² I am being sarcastic, of course.  But the underlying point is real enough.  In a christianpost.com blog titled “Would You Want an Atheist for a Neighbor?”, the writer was not being sarcastic at all when he lamented “the frenetic and uninformed screeds that atheists purchase and read by the truckload.”  Yes, all my neighbors are getting tired of seeing the UPS truck roll into my driveway, delivering more of those atheist screeds.  I wouldn’t want to be my neighbor either.
³ Actually, aren’t we all born that way?
Read 5 comments below | Read other posts in News and Comment

5 responses to Who’s the Atheist of Them All?

  1. Bruce says:

    Well ho-ho-ho Craig. Me too. My evolution story is somewhat complicated though it started simply. The nuns did it. In third grade Catholic religious instruction, the nuns were mean and nasty, as expected. But when they told me essentially that my best friend would have to go to hell, I refused to believe that, and soon concluded that that this whole mean and petty “God” thing they were selling could not be real. My friend happened to be Jewish though I didn’t know what that meant at the time, just that he wasn’t Catholic.
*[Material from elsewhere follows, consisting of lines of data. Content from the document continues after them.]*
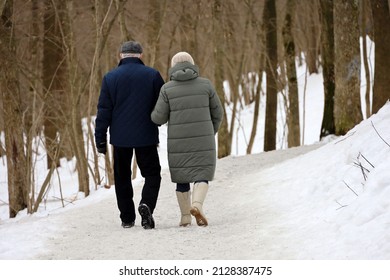 Elderly Woman And Man Walking In Winter Park, Rear View. Old Couple In Warm Clothes During Snow Weather, Concept Of Old Age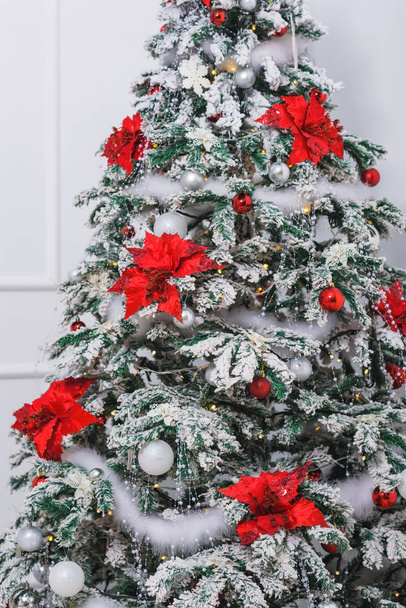 Weihnachtsbaum. rotes und silbernes Spielzeug. Leuchtende Girlanden. Weihnachtsbaum mit Weihnachtssternen geschmückt weißes Lametta aus Federn. - Foto, Bild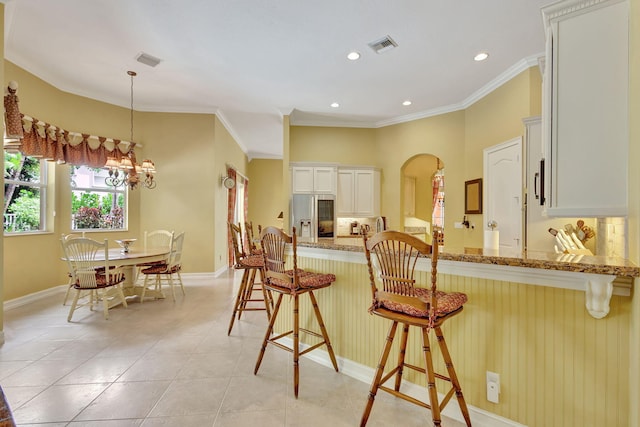 kitchen with stainless steel fridge, white cabinetry, light stone counters, a kitchen bar, and decorative light fixtures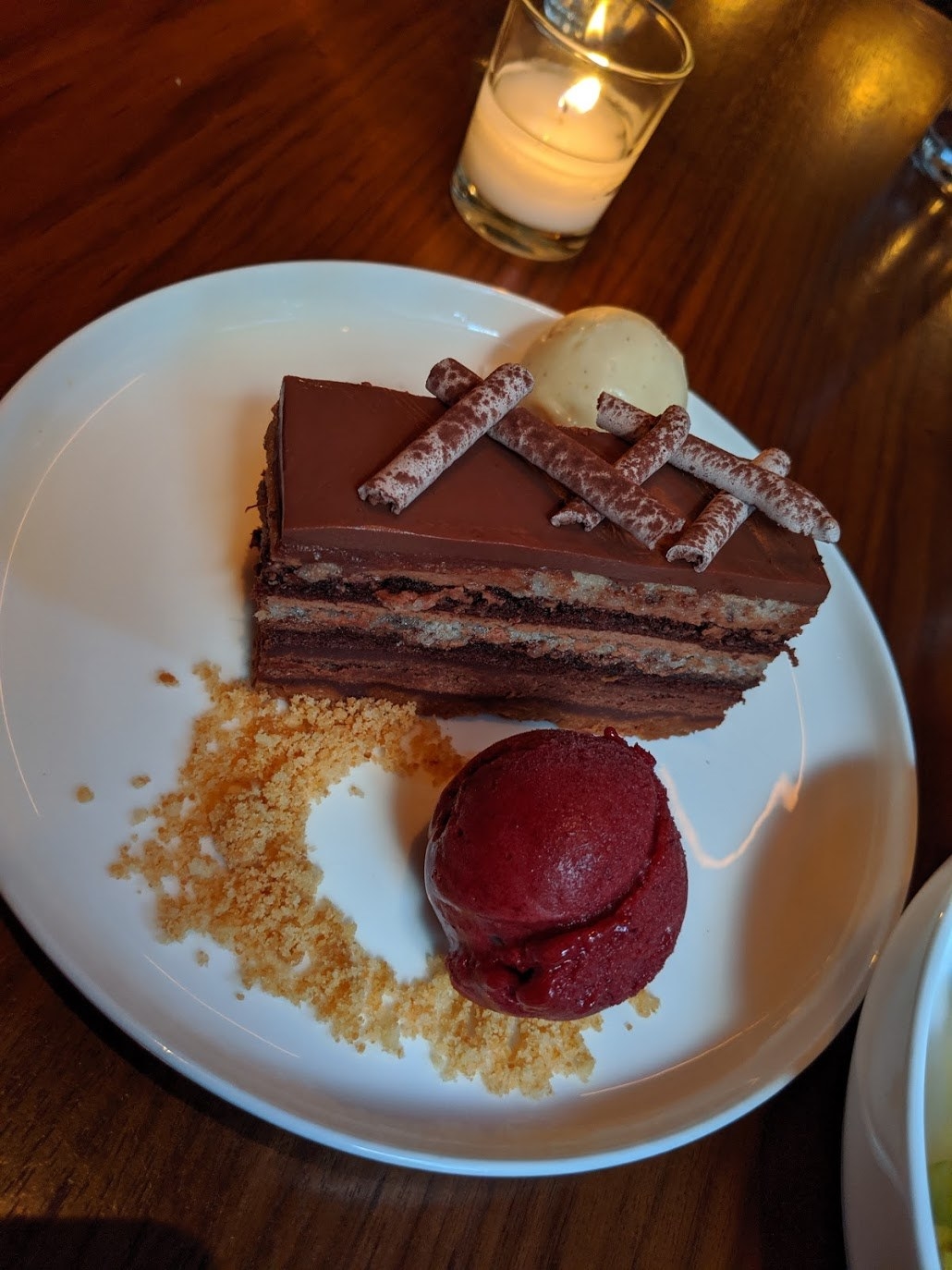 End the meal on a high note with this 14-layer rich, dark chocolate cake with peanut butter ice cream and passion fruit sorbet.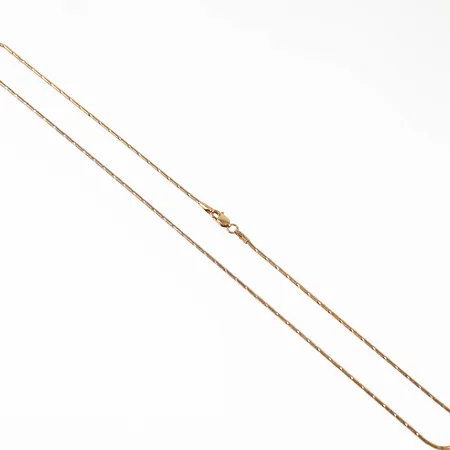 Kedja i 14K guld. Ormlänk med vitguldsdetaljer. Den är 42 cm lång, 1,2 mm bred och väger 5,0g. Karbinhake.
    It might seem odd then that I would convert to Judaism before my first marriage. There were practical reasons for this and I have no regrets family-wise. I worked with a Reform rabbi and I was open with him about my lack of belief in God. He said that there was room in Judaism for a spectrum of beliefs in God – look at Einstein and Spinoza (though Spinoza was kicked out for professing that God is really Nature). The emphasis was more on tradition and community and less on the supernatural. What is important is how you live THIS life, not to prepare for some possible future life (I’m still not real clear on what the Jewish view of the afterlife might be, but i think Paul Simon’s recent song “The Afterlife” might have nailed it – very funny song). Reform Judaism seemed closer to humanism to me, compared to Catholicism and its angry, nosy, petty, punishing God.
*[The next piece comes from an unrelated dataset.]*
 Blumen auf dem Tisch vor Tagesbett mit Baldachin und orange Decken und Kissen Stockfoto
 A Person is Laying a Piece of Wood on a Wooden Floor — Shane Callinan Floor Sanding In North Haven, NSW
    The terminology is tricky. I’m ok with atheist though some say this implies complete certainty. Do I absolutely know that there is no God? Close enough for my purposes, though I don’t have proof either way. Agnostic sounds like I have no opinion on the matter. I sort of like non-believer. I don’t believe in Zeus or Thor or the tooth fairy though I can’t prove they don’t exist. Same for the supernatural being currently favored by most Americans, though I’m pretty sure that all of these supernatural things are imaginary. I’m not sure about Dark Matter though. 🙂

  2. Rob says:

    It’s worth nothing that even people who fear and abhor atheists are atheists themselves about all religions but one.

  3. LRT says:

    I’m not as philosophically sophisticated as you guys but I have one question. What is the origin of the universe (or who created it)?

    • Craig says:

      My answer: Don’t know! and probably will never “know” although physicists keep seeing farther back in time. Thanks for reading, LRT.

  4. your pal says:

    March 20, General Relativity Day, is a good candidate for a celebration. So would be February 12 – not only Lincoln’s birthday, but also Charles Darwin’s!

    P.S. – I’m sure that you and the new camera will do amazing things.